Install the client RPM onto the server/node/workstation that you want to have access to NVmesh.

In our testing our nodes were hyperconverged. IE both clients and servers.

So we installed both packages:

yum install NVMesh-target-1.2.1-217.x86_64.rpm -y
yum install NVMesh-client-1.2.1-217.x86_64.rpm -y

To get both target and client working you will need to edit the following config file:

/etc/opt/NVMesh/nvmesh.conf

Here are the only sections you will need to edit at least o begin with

# Define the management protocol
# MANAGEMENT_PROTOCOL="<https/http>"
# Example
# MANAGEMENT_PROTOCOL="https"

MANAGEMENT_PROTOCOL="https"

# Define the location of the NVMesh Management Websocket servers
# MANAGEMENT_SERVERS="<server name or IP>:<port>,<server name or IP>:<port>,..."
# Example:
# MANAGEMENT_SERVERS="nvmesh-management1:4001,nvmesh-management2:4001"

MANAGEMENT_SERVERS="excelero-a:4001"

# Define the nics that will be available for NVMesh Client/Target to work with
# CONFIGURED_NICS="<interface name;interface name;...>"
# To allow all nics to be available leave empty. Example: CONFIGURED_NICS=""
# Example:
# CONFIGURED_NICS="ib0;eno1;eth0"

CONFIGURED_NICS="enp139s0f0;enp139s0f1"

The configuration file will come with MANAGEMENT_SERVERS=nvmesh-management1:4001 change to the hostname of the node you wish to make your management server for nvmesh.

add the device id of your high bandwidth nics you wish to use for excelero to CONFIGURED_NICS=.

Restart nvmeshmgr service.

Install NVMesh client and target RPMs (note: the Client RPMs contains the common module so get prompted to install this dependency even if you dont want to run the Client service. We will change this in a later release. It is just “cosmetic” the time being).

Lastly, run nvmesh_format.py to format the disks you plan to use.

Centos installation with GPFS on top

For general GPFS install and usage look here:

This section is more around NVmesh and GPFS working together.

Once GPFS has been installed, the packages and the portability layer have been build. You will start looking to configure GPFS.

Normally within GPFS mmdevdiscover will list all the known devices however you may notice that no nvmesh devices get listed.

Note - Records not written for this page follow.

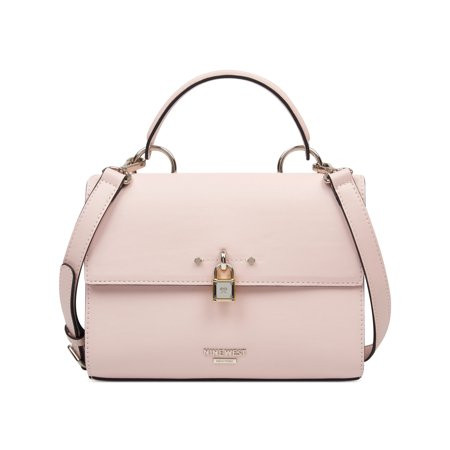 Nine West Women's Nw Block Top Handle Top-Handle Bag - Blush Multi | Walmart (US)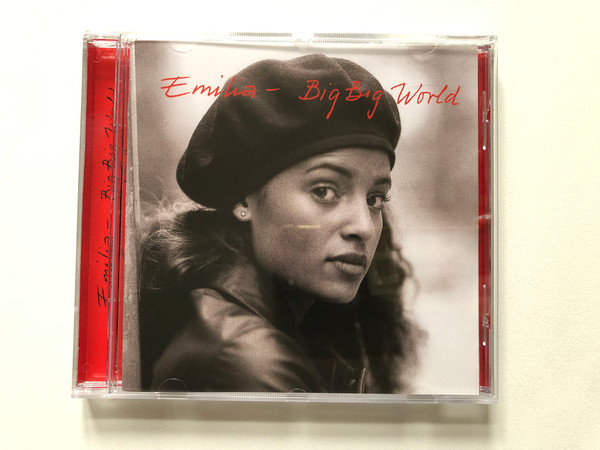 Emilia – Big Big World / Rodeo Records AB Audio CD 1999 / UMD 87225
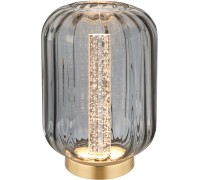 Интерьерная настольная лампа  PLC-7077-180-T-GREY Imex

To work around this. Run the below:

[root@excelero-a ~]# vim  /var/mmfs/etc/nsddevices
#!/bin/bash

cd /dev && for dev in $(ls nvmesh/); do
        echo nvmesh/$dev generic
done

exit 1

You should then rerun mmdevdiscover to see your nvmesh volume listed. If you still get nothing i would check that nvmesh is working and that you have volumes working/assigned to your node.

Create a nsd.stanza file with your nvmesh device within. Here is a example below.

%nsd:
        nsd=nsd01
        device=/dev/nvmesh/test
        usage=dataAndMetadata
        pool=system
        failureGroup=1

In our demo we had the data and metadata in one. IE our NVMesh volume was just one labelled "test".